All deduplication algorithms replace redundant data with pointers. The primary differences between various approaches revolve around how redundancies are found and how the redundant information is stored. Restore performance suffers because the process of re-creating a backup requires the system to traverse hundreds or even thousands of pointers, a process which is very I/O intensive. To better comprehend this process and we need to better understand how deduplication works.
When deduplicating data, there is in an initial backup which is maintained in its entirety. All backups will be analyzed for redundancies with pointers replacing the redundant data. The pointers can link to data that is stored anywhere in the disk system. An example will clarify, suppose you implement a deduplication solution on January 1, 2008 and continually send full nightly backups to it. When you run tonight’s backup, the deduplication algorithm will probably find some data that has not changed since the first backup and therefore create a pointer back to January. It will also likely find redundant data from the previous night’s backup and create a pointer. It follows then that the algorithm can and will create pointers to any past backup and the newest backup will always include the most pointers. (Note that this is a simplistic model that assumes nightly full backups and also assumes that each full backup includes some net new data that is not deduplicated.)

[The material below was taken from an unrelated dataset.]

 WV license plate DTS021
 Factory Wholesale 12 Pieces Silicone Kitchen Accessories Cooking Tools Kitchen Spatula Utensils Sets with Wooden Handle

Restore performance (and vaulting or tape copy performance) will suffer due to the fragmentation caused by pointers. As mentioned above, as you retain more data online, the more pointers you create and the more fragmented your data becomes. The process of restoring data then becomes a random I/O intensive process resulting in declining performance. Additionally, the restore performance is always going to be the worst on the newest backup since it typically contains the most pointers and conversely, the best restore performance will be found on the oldest data (e.g. fewest pointers).
What is forward referencing and how can it help?
With forward referencing technology, the pointers are reversed. In the reverse referencing process as described above, the newest backup is made up of pointers that point backwards in time to older backups. With forward referencing, the newest backup is maintained in its entirety and all past backups are made up of pointers that point forward to the newest data. This approach as used in SEPATON’s DeltaStor technology ensures the fastest restore performance on the newest backup because the newest data is maintained in its entirety (e.g. no pointers).
What does this mean to me?
Restore performance is important for companies of all sizes and should be evaluated carefully. When reviewing deduplication solutions, you must test restore performance with retained data. Simply completing one backup and restoring it is not an accurate reflection of performance over the long term and you will be disappointed if you assume otherwise. Forward referencing avoids the restore problems inherent in the algorithms from EMC/Quantum and most other deduplication vendors and should also be considered. Only you can decide how important restore performance is to your business, and it is important to understand the issue so you can make an educated decision.